### Directions
Nothing but the lines from the first line of the records below to the line holding "SINGLEKÜCHE R-Line Anthrazit" belongs in the answer, copied exactly and without pictures.

::: Supplied information :::

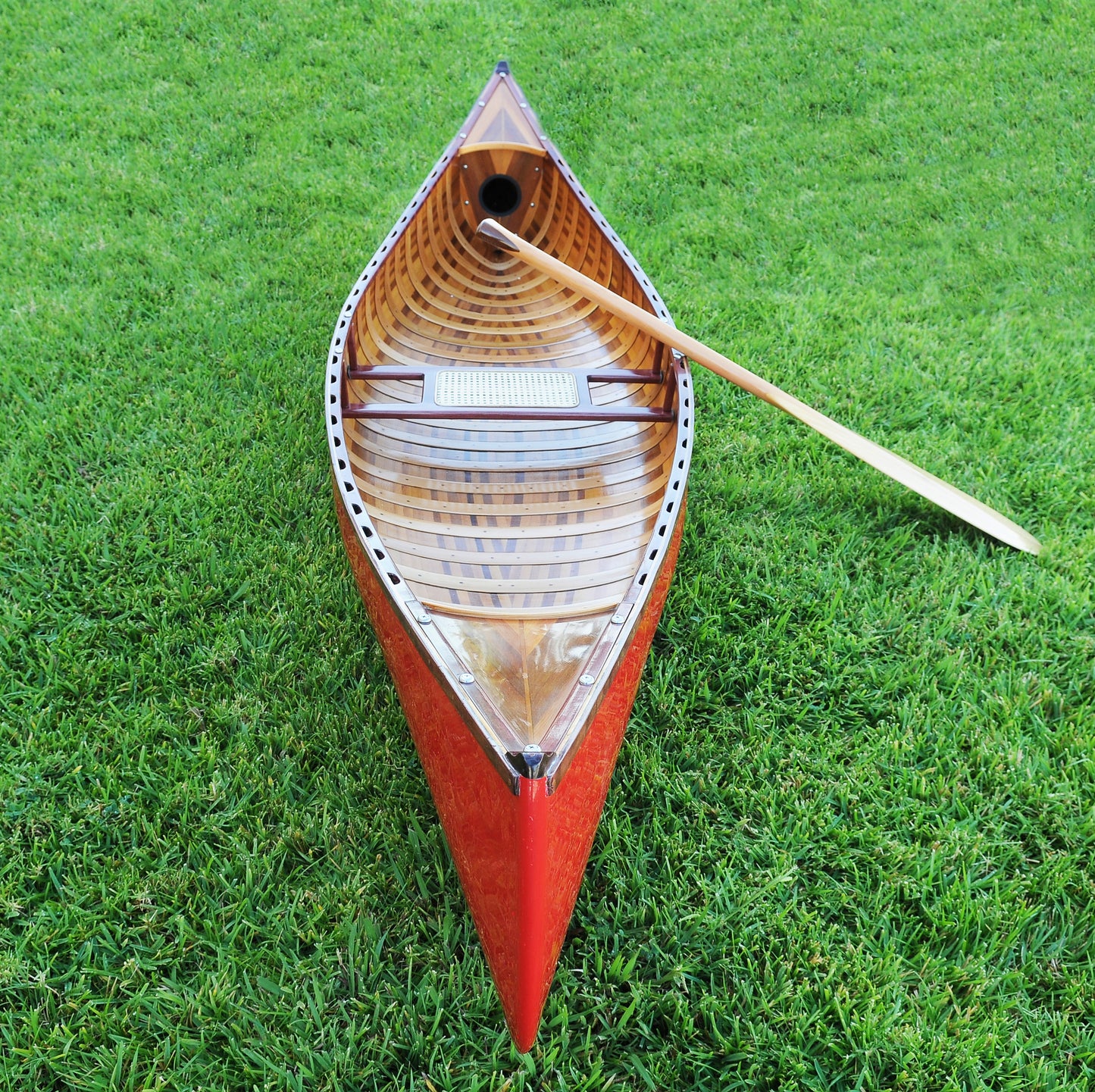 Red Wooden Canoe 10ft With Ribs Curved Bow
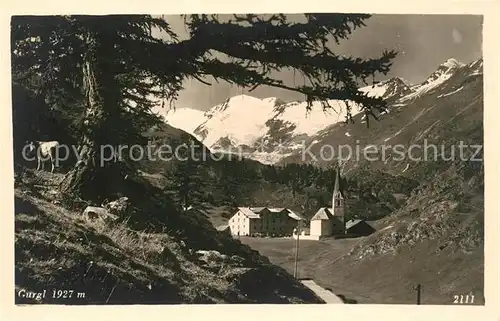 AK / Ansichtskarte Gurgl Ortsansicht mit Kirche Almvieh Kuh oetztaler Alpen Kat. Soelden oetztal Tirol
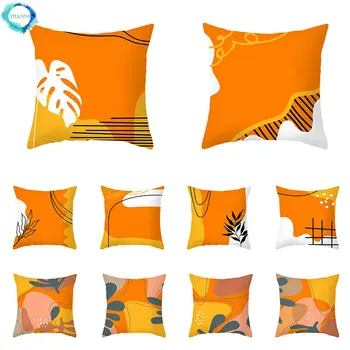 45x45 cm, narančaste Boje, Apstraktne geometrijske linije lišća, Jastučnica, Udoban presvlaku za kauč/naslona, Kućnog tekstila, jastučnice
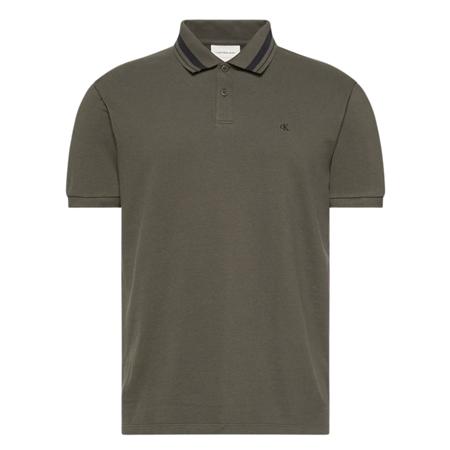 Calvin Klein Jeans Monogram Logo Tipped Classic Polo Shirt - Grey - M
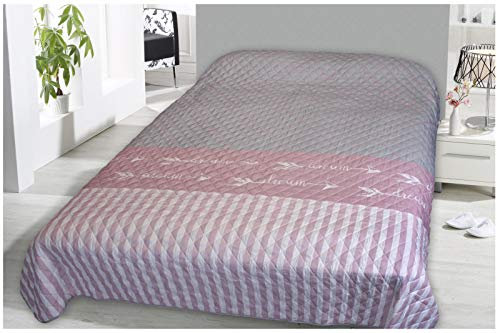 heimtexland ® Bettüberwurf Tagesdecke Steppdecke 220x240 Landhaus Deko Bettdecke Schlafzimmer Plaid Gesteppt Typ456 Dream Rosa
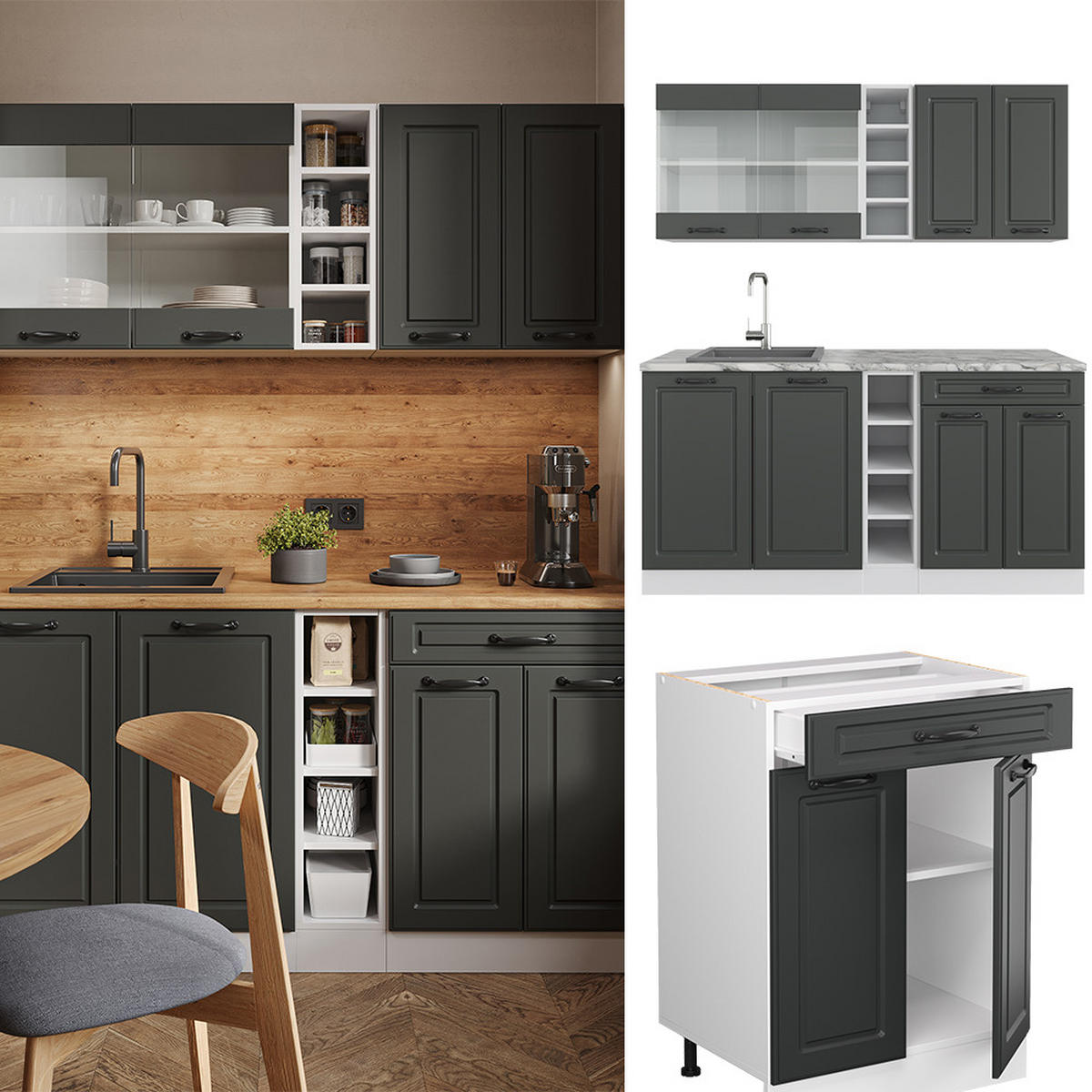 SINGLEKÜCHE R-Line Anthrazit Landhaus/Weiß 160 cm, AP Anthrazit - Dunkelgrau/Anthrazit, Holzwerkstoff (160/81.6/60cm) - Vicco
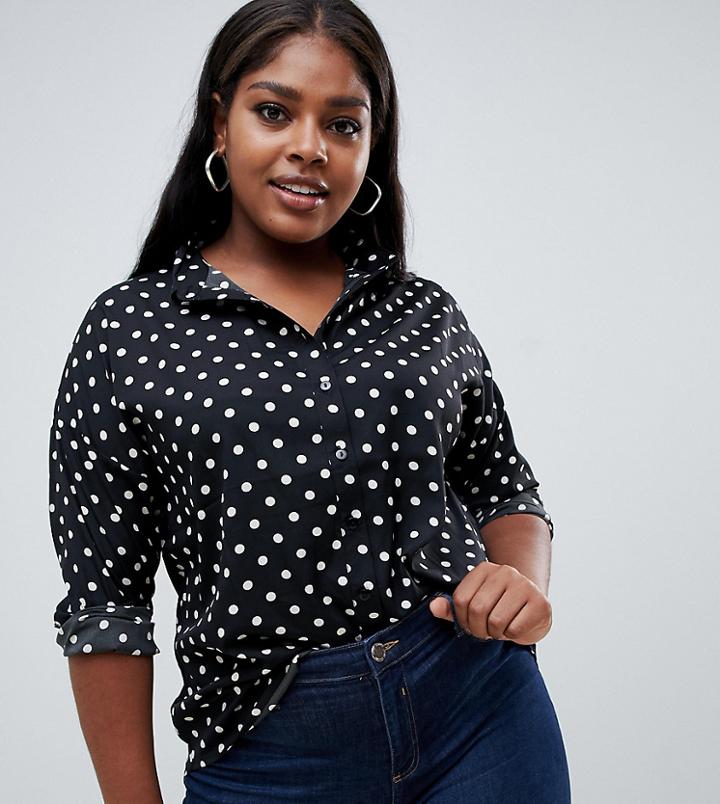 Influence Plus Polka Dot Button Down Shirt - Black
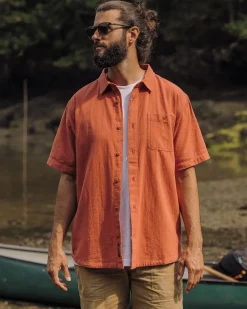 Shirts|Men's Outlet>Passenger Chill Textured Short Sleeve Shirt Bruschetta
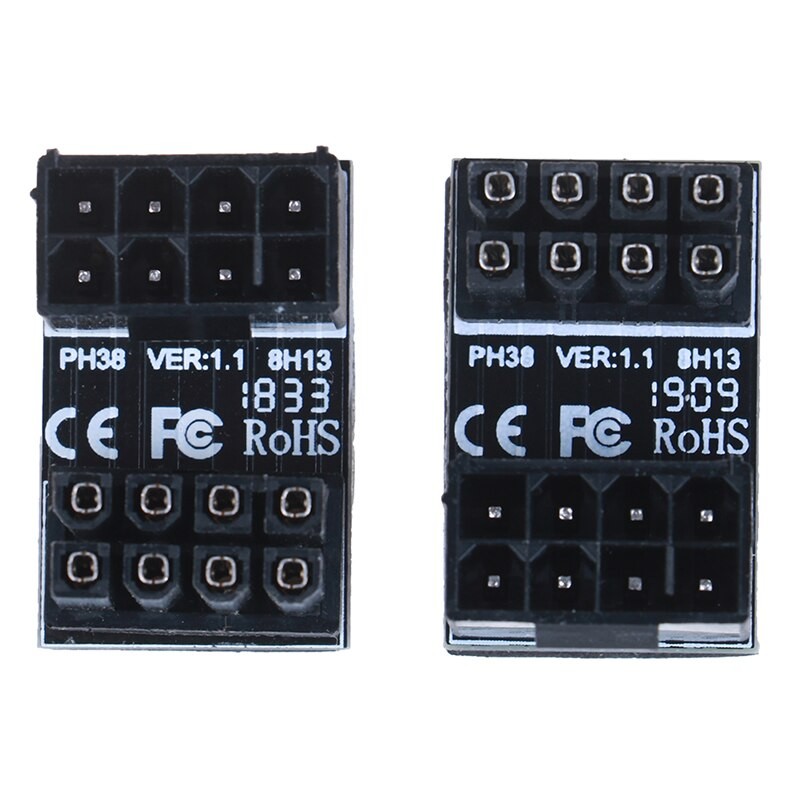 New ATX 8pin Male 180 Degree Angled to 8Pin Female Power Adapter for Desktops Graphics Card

:::

### Result of the task
 Red Wooden Canoe 10ft With Ribs Curved Bow
 AK / Ansichtskarte Gurgl Ortsansicht mit Kirche Almvieh Kuh oetztaler Alpen Kat. Soelden oetztal Tirol
 45x45 cm, narančaste Boje, Apstraktne geometrijske linije lišća, Jastučnica, Udoban presvlaku za kauč/naslona, Kućnog tekstila, jastučnice
 Calvin Klein Jeans Monogram Logo Tipped Classic Polo Shirt - Grey - M
 heimtexland ® Bettüberwurf Tagesdecke Steppdecke 220x240 Landhaus Deko Bettdecke Schlafzimmer Plaid Gesteppt Typ456 Dream Rosa
 SINGLEKÜCHE R-Line Anthrazit Landhaus/Weiß 160 cm, AP Anthrazit - Dunkelgrau/Anthrazit, Holzwerkstoff (160/81.6/60cm) - Vicco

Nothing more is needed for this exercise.